Sur le terrain, la sélection haïtienne remporta le match d’ouverture 1-0 face à son homologue de la Jamaïque, but de la « goléadoresse » nationale Woodlenne Jacques (Ti Jak). Toutefois, la suite de la compétition se transforma en une balade américaine. Car
la sélection US n’a fait aucune concession dans ce concert concacafien. Même le Canada ne pesa pas lourd sur la balance américaine. Évoluant comme des surdouées en tournée touristique, les irrésistibles footballeuses des États-Unis taillèrent en pièces les autres sélections engagées dans ce tournoi. Comme en témoignent ces chiffres : 5 matches, 5 victoires, 49 buts marqués. Une locomotive !
Au chapitre assistance, à cause de la confirmation de la participation du président Jean-Bertrand Aristide au match Haïti-Canada, on a enregistré un débordement bleu et rouge ce jour-là au stade national. Du jamais vu en Haïti depuis la première visite du roi Pelé en février 1971.

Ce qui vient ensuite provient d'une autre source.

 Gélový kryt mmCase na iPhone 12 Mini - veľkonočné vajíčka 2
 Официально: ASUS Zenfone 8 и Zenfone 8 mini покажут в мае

Après avoir salué les 22 actrices, le président de la République regagna la loge officielle. Pendant 90 minutes, les Haïtiennes se révélèrent déterminantes face aux Canadiennes. Mais elles ne purent toucher les filets adverses. À l’arrivée, Haïti-Canada 0-2. C’était le match à sensation de ce riche concert concacafien.
Dans l’ensemble, les footballeuses bleu et rouge ont honorablement rempli leur mission. Elles ont cranement lutté devant les Canadiennes notamment. Mais, comme les autres victimes de la furia étasunienne, elles n’ont pu éviter une raclée face à la dévorante sélection américaine.
LA DIASPORA AU RYTHME DE LA CONCACAF
Le tournoi concacafien d’avril 1991 chez nous a sportivement et « populairement » fait le plein. Ce qui poussa les dignitaires de la CONCACAF à envisager l’organisation d’autres tournois de cette Confédération en Haïti. Mais cela n’a pas été concrétisé.
Sur le plan financier, nos compatriotes de la diaspora ont largement supporté la FHF dans le cadre de l’organisation de la CONCACAF au féminin. Une mémorable mobilisation patriotique à New-Jersey, à Miami, à Boston, à Montréal, à New-York et dans d’autres régions de la diaspora. Louable initiative basée sur le sentiment d’appartenance.
La contribution des Haïtiens de l’extérieur n’était pas seulement d’ordre financier, puisque plusieurs délégations du 10ème département débarquèrent au pays pour renforcer la marée sportive nationale qui accompagna les protégées des entraineurs Yves Philogène Labaze et Fresnel Duchatelier jusqu’au terme de ce concert international de ballon rond au stade national. Sportivement aussi, la diaspora a prouvé lors de ce sommet de la CONCACAF qu’elle est incontournable en ce qui concerne la recherche du bien-être pour le peuple haïtien.